> **EXERCISE OBJECTIVE**:
Only the lines from the start of the data below through the line that contains "Portrait of emotional" are to be copied, exactly and without pictures.

> **DATA BELOW**:
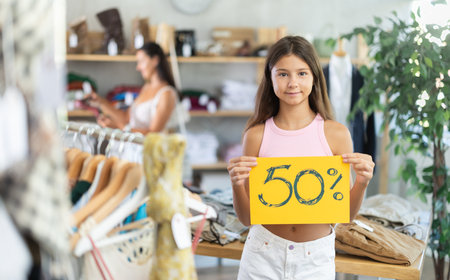 Teen girl with poster in hands announce mega 50percent discounts in womens clothing storeの写真素材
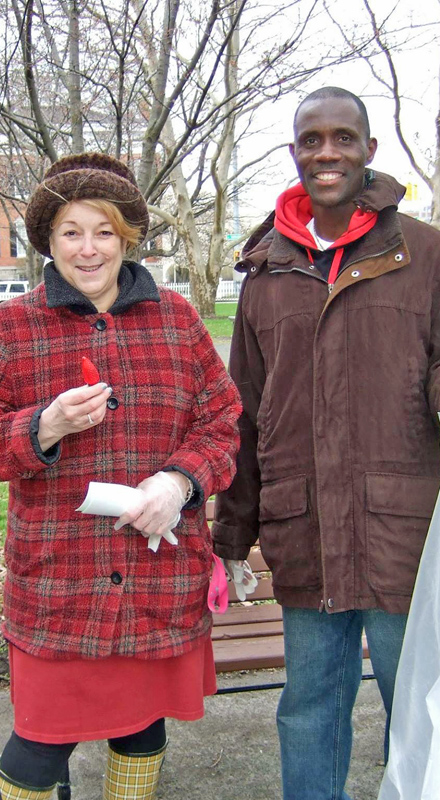 A white woman and a Black man stand outside in winter coats. The woman is holding a Christmas light and the man is holding a bag.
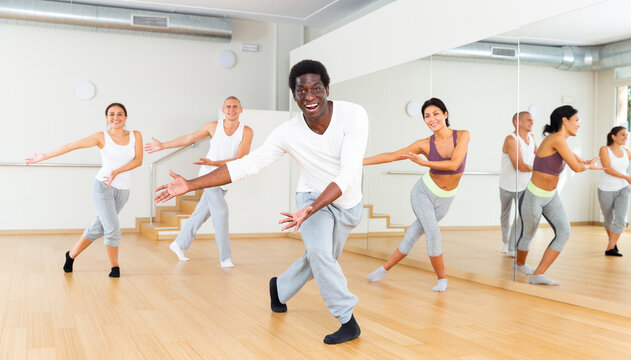 Portrait of emotional young adult man doing exercises during group class in dance center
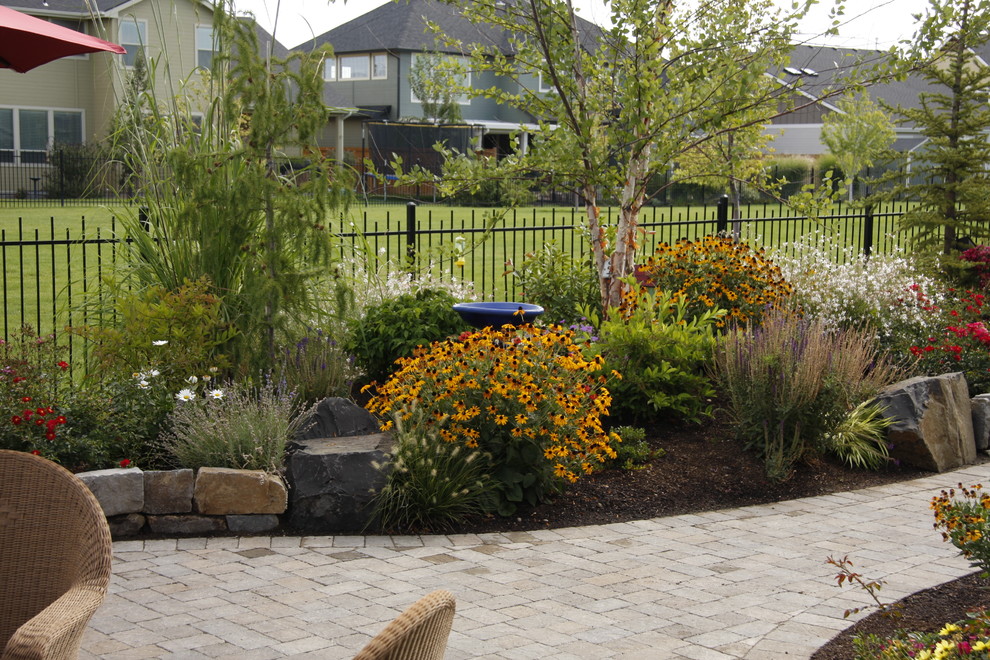 Diseño de jardín rústico de tamaño medio en patio trasero con adoquines de piedra natural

> **EXPECTED OUTPUT**:
 Teen girl with poster in hands announce mega 50percent discounts in womens clothing storeの写真素材
 A white woman and a Black man stand outside in winter coats. The woman is holding a Christmas light and the man is holding a bag.
 Portrait of emotional young adult man doing exercises during group class in dance center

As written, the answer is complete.